#### [GIVEN INFORMATION]
↓

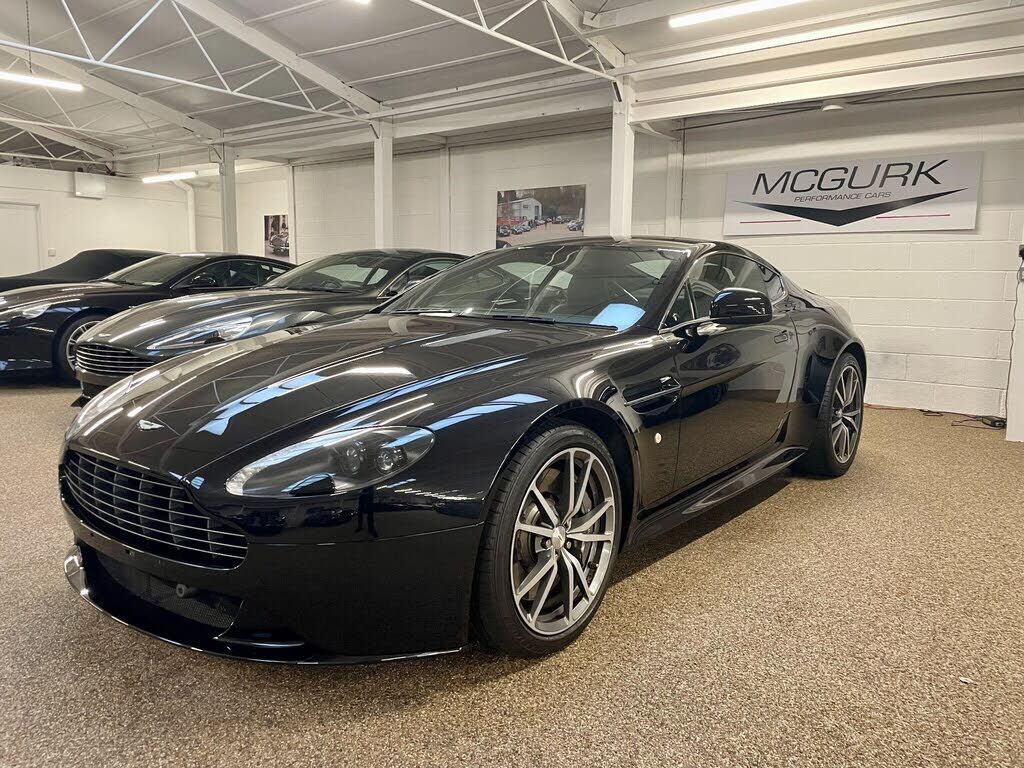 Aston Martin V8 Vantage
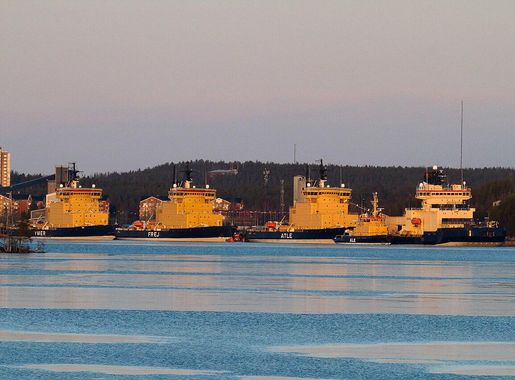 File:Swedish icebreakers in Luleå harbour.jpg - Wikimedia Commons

↑
↓

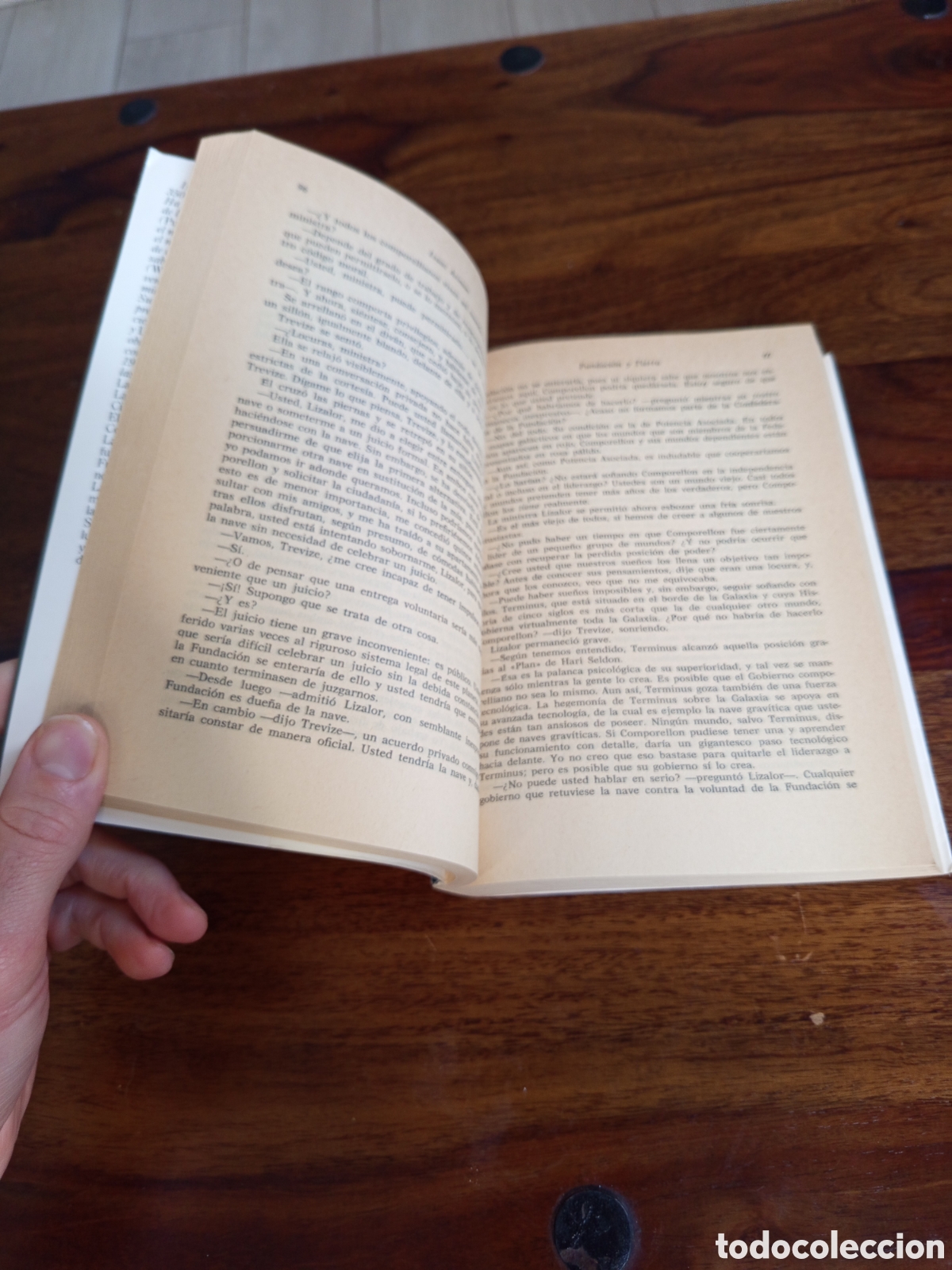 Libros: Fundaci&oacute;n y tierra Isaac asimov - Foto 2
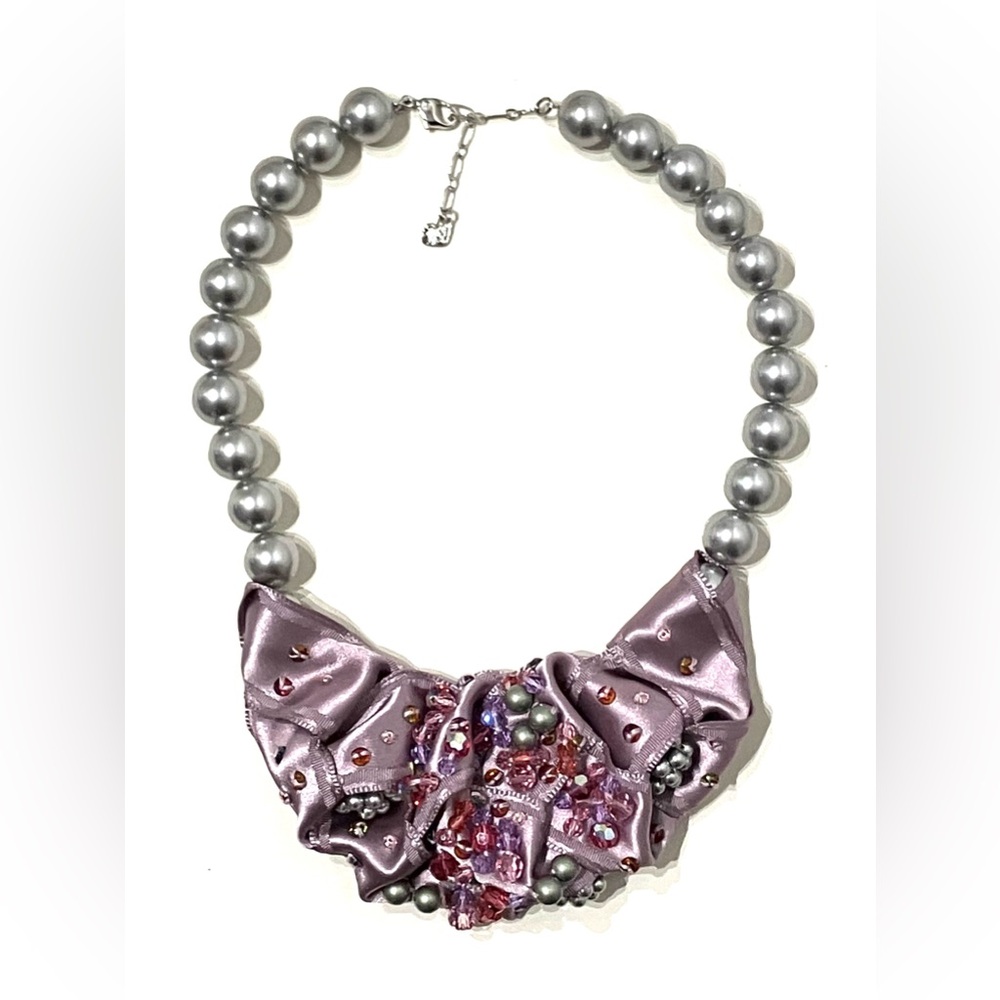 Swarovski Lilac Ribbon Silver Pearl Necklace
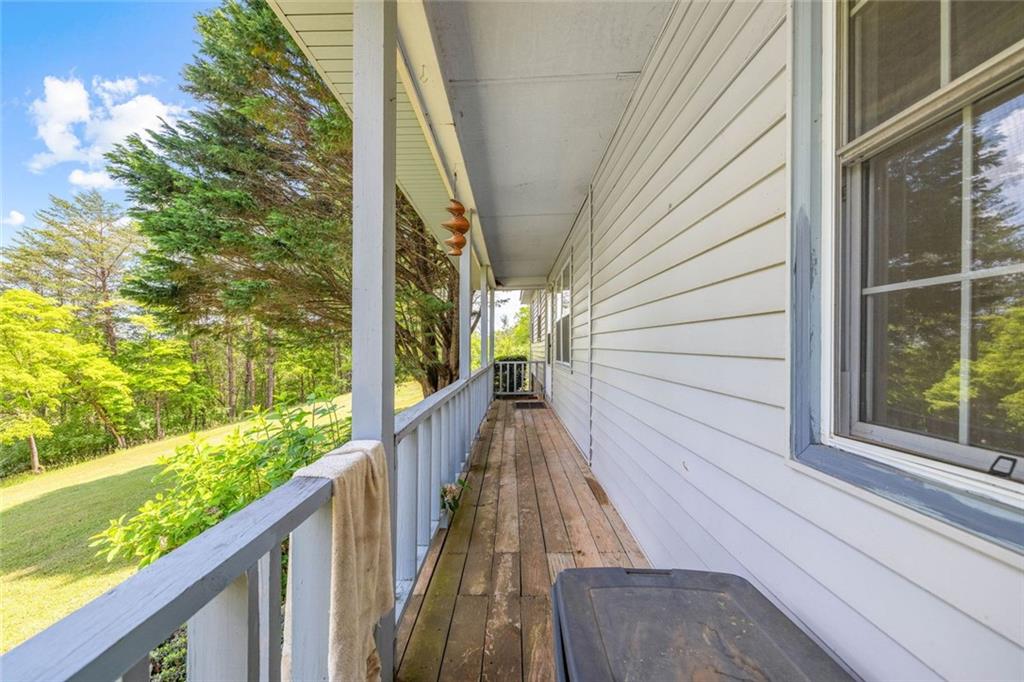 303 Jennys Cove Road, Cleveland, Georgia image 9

↑
↓

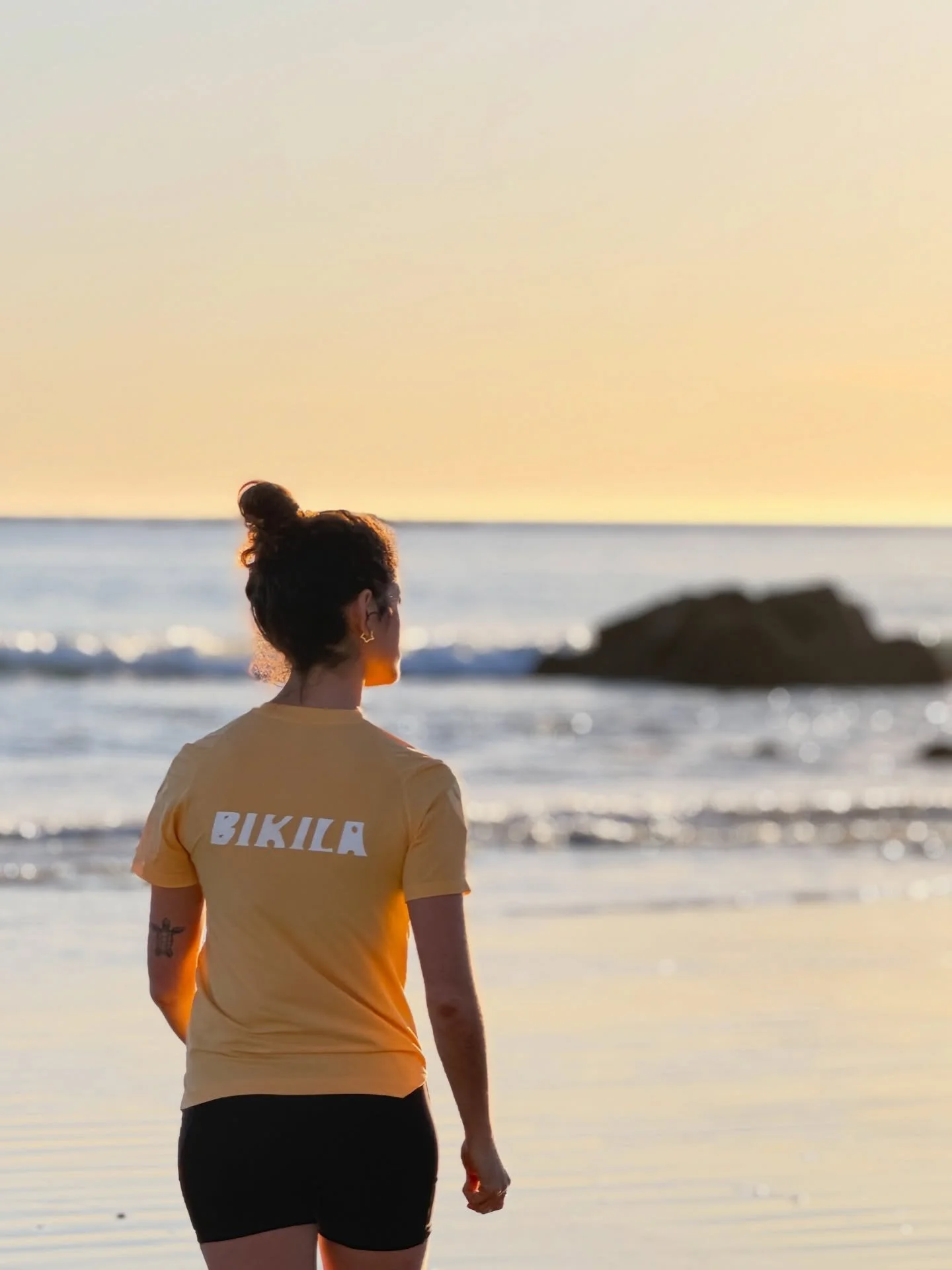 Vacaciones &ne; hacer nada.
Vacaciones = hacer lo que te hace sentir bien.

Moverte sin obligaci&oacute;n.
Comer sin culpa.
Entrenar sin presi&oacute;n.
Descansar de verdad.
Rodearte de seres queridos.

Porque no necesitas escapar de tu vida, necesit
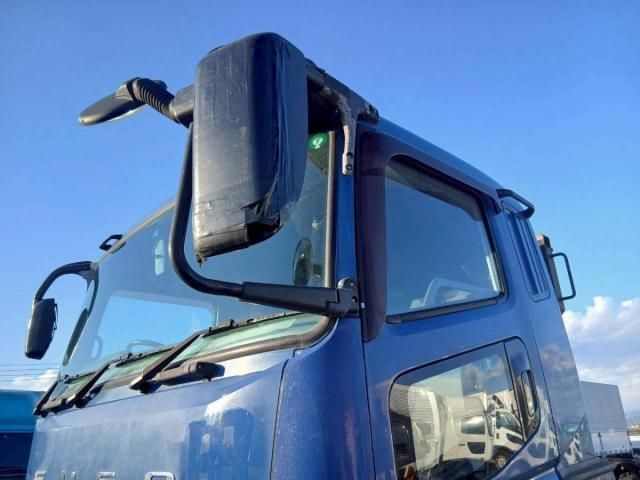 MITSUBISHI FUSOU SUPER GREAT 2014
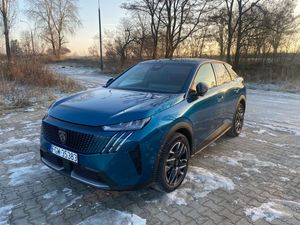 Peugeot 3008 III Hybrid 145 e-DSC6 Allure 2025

↑

#### [WORK INSTRUCTIONS]
In the records above, find the line with "Vacaciones = hacer" and the line with "Peugeot 3008 III", then restate word for word only those two lines and all lines between, omitting pictures.

#### [SOLVED EXERCISE]
Vacaciones = hacer lo que te hace sentir bien.

Moverte sin obligaci&oacute;n.
Comer sin culpa.
Entrenar sin presi&oacute;n.
Descansar de verdad.
Rodearte de seres queridos.

Porque no necesitas escapar de tu vida, necesit
 MITSUBISHI FUSOU SUPER GREAT 2014
 Peugeot 3008 III Hybrid 145 e-DSC6 Allure 2025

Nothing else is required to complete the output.